## YOUR ASSIGNMENT:
Given the material below, output exactly the lines from the line with "Complete Set Of" to the line with "Siddi Kavand - Kantha", both ends included, and no other lines.
---------- STUDY MATERIAL ----------
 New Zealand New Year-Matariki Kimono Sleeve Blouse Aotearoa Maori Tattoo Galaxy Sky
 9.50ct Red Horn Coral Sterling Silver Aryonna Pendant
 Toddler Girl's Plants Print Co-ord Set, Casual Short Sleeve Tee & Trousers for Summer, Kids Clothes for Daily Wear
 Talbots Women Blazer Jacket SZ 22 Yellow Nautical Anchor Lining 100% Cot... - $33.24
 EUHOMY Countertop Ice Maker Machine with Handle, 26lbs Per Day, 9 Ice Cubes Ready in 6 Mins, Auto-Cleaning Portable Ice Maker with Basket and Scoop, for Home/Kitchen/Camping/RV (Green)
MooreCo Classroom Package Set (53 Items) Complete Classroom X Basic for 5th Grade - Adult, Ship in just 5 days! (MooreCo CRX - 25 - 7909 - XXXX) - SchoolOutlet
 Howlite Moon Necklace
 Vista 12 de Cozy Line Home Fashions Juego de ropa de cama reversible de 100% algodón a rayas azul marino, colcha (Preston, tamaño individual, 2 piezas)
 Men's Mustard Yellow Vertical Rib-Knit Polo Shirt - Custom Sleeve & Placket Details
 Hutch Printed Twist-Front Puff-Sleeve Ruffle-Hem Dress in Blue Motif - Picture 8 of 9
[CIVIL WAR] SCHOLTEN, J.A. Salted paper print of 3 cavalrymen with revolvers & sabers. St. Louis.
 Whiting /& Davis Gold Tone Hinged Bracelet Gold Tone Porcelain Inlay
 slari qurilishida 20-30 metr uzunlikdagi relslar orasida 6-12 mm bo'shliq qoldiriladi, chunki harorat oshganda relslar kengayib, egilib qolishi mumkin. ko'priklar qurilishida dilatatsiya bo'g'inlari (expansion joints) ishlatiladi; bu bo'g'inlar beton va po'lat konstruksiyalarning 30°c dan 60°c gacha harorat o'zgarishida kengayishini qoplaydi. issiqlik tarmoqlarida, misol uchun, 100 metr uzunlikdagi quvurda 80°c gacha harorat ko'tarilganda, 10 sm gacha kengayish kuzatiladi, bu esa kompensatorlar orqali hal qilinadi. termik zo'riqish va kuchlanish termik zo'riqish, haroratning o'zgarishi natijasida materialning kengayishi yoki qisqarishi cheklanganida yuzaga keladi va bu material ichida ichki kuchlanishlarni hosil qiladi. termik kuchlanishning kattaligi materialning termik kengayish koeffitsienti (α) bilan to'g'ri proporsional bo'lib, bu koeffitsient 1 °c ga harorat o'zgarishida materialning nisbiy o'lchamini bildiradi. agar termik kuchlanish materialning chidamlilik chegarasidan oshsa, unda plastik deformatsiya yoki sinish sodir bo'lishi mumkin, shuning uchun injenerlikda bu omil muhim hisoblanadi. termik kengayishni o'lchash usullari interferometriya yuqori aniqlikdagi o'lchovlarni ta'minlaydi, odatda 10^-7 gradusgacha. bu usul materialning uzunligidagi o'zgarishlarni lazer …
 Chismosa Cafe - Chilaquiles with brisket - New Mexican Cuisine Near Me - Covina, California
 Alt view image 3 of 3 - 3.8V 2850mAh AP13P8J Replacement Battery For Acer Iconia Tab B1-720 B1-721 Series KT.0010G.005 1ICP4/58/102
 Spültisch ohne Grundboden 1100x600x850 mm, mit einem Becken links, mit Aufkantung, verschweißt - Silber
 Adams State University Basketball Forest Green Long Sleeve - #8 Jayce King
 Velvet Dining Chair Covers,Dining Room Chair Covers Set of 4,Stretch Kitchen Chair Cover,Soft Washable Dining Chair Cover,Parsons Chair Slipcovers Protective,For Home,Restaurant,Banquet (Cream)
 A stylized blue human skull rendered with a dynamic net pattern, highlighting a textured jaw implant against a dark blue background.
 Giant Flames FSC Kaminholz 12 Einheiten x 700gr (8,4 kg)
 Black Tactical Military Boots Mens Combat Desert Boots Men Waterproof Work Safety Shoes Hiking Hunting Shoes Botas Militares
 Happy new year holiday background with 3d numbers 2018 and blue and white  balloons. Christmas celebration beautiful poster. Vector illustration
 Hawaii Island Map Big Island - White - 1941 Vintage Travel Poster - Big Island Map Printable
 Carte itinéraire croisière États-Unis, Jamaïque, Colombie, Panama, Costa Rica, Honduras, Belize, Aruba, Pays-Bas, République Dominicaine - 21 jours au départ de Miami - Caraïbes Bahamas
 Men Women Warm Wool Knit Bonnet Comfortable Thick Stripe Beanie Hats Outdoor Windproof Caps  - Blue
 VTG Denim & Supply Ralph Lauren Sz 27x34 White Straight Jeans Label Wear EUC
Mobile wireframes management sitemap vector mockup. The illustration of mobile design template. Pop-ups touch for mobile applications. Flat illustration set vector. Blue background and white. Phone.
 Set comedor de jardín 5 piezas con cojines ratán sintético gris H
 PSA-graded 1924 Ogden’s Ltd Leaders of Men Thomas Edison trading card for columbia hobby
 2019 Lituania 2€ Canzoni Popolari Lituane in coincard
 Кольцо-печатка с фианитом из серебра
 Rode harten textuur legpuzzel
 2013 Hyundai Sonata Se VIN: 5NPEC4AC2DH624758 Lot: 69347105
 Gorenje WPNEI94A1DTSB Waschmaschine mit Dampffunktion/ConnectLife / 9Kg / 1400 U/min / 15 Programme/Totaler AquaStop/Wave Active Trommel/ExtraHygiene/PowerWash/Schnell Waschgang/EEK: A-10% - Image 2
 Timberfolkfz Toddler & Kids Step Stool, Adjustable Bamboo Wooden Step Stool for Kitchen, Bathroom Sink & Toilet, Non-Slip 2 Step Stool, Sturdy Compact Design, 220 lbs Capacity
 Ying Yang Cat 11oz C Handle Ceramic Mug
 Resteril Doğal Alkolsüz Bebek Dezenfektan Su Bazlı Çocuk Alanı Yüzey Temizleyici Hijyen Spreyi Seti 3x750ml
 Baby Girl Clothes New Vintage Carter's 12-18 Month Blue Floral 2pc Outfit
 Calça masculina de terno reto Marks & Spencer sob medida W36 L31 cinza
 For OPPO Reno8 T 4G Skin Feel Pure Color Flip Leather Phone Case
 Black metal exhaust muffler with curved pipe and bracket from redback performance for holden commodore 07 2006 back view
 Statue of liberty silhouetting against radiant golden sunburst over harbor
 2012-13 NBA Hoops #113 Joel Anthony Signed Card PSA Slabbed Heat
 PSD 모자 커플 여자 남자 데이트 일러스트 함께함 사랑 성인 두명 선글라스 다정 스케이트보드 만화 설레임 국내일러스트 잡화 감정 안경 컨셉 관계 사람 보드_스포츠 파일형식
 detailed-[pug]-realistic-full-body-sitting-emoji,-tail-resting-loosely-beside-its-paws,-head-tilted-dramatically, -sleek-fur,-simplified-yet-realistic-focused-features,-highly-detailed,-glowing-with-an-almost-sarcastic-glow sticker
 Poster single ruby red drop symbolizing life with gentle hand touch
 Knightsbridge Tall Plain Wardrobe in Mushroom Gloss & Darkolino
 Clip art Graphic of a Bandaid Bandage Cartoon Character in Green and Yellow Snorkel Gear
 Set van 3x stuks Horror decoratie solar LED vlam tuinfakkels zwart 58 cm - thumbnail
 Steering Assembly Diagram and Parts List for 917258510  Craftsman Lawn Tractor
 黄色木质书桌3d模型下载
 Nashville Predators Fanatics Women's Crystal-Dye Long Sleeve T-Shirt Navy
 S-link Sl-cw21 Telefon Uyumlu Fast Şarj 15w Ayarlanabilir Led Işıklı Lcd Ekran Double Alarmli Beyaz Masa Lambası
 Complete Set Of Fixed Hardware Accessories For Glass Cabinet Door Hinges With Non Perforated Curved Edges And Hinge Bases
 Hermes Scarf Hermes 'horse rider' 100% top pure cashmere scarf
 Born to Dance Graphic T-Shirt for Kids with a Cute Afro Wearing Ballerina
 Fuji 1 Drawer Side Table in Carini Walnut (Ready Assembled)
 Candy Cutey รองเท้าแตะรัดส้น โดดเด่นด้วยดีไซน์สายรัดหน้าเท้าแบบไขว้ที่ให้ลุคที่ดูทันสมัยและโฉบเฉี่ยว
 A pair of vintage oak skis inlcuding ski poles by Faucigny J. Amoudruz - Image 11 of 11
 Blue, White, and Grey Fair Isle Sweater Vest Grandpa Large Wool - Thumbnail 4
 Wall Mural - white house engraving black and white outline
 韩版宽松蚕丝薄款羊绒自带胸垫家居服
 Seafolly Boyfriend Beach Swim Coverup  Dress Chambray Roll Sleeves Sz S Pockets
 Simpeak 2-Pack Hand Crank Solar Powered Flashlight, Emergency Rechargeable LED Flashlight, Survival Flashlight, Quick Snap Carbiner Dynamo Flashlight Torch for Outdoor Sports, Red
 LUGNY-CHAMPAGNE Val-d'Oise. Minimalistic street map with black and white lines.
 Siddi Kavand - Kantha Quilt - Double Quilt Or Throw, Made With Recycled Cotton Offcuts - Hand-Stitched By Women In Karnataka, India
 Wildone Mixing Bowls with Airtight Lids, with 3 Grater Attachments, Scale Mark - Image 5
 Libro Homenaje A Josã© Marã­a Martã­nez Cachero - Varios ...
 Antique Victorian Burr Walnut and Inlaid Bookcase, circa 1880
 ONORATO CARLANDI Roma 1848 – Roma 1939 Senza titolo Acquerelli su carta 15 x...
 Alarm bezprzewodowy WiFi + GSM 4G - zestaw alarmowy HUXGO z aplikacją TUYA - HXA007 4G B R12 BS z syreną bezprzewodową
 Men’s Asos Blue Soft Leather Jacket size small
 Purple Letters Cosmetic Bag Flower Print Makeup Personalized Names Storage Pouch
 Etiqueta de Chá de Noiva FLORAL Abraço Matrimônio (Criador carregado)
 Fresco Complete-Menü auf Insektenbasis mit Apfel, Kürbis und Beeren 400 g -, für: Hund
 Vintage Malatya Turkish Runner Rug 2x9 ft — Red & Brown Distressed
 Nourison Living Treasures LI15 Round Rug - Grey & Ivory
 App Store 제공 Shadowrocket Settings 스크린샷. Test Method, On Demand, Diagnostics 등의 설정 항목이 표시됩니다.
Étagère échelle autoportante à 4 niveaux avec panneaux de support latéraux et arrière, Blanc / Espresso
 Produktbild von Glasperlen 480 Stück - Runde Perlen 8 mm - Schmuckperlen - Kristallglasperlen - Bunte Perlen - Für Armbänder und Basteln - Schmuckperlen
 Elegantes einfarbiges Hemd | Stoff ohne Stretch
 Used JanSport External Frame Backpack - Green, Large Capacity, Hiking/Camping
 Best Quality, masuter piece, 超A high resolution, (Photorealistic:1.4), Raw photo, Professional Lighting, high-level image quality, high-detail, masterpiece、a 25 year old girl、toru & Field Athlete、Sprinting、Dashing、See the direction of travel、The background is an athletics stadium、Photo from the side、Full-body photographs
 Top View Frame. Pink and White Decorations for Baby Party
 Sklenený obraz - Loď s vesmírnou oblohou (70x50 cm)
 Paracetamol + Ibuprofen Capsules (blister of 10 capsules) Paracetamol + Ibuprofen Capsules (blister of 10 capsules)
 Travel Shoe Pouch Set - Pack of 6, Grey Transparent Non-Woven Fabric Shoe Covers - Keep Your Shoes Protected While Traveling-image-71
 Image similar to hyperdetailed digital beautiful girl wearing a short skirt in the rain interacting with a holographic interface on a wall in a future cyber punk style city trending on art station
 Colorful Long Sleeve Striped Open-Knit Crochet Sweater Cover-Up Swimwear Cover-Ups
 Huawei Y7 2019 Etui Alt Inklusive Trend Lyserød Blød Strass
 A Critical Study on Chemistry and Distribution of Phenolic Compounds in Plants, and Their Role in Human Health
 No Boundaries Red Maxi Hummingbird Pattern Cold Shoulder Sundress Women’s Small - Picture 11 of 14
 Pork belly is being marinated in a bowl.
----------
## FINISHED TASK:
 Complete Set Of Fixed Hardware Accessories For Glass Cabinet Door Hinges With Non Perforated Curved Edges And Hinge Bases
 Hermes Scarf Hermes 'horse rider' 100% top pure cashmere scarf
 Born to Dance Graphic T-Shirt for Kids with a Cute Afro Wearing Ballerina
 Fuji 1 Drawer Side Table in Carini Walnut (Ready Assembled)
 Candy Cutey รองเท้าแตะรัดส้น โดดเด่นด้วยดีไซน์สายรัดหน้าเท้าแบบไขว้ที่ให้ลุคที่ดูทันสมัยและโฉบเฉี่ยว
 A pair of vintage oak skis inlcuding ski poles by Faucigny J. Amoudruz - Image 11 of 11
 Blue, White, and Grey Fair Isle Sweater Vest Grandpa Large Wool - Thumbnail 4
 Wall Mural - white house engraving black and white outline
 韩版宽松蚕丝薄款羊绒自带胸垫家居服
 Seafolly Boyfriend Beach Swim Coverup  Dress Chambray Roll Sleeves Sz S Pockets
 Simpeak 2-Pack Hand Crank Solar Powered Flashlight, Emergency Rechargeable LED Flashlight, Survival Flashlight, Quick Snap Carbiner Dynamo Flashlight Torch for Outdoor Sports, Red
 LUGNY-CHAMPAGNE Val-d'Oise. Minimalistic street map with black and white lines.
 Siddi Kavand - Kantha Quilt - Double Quilt Or Throw, Made With Recycled Cotton Offcuts - Hand-Stitched By Women In Karnataka, India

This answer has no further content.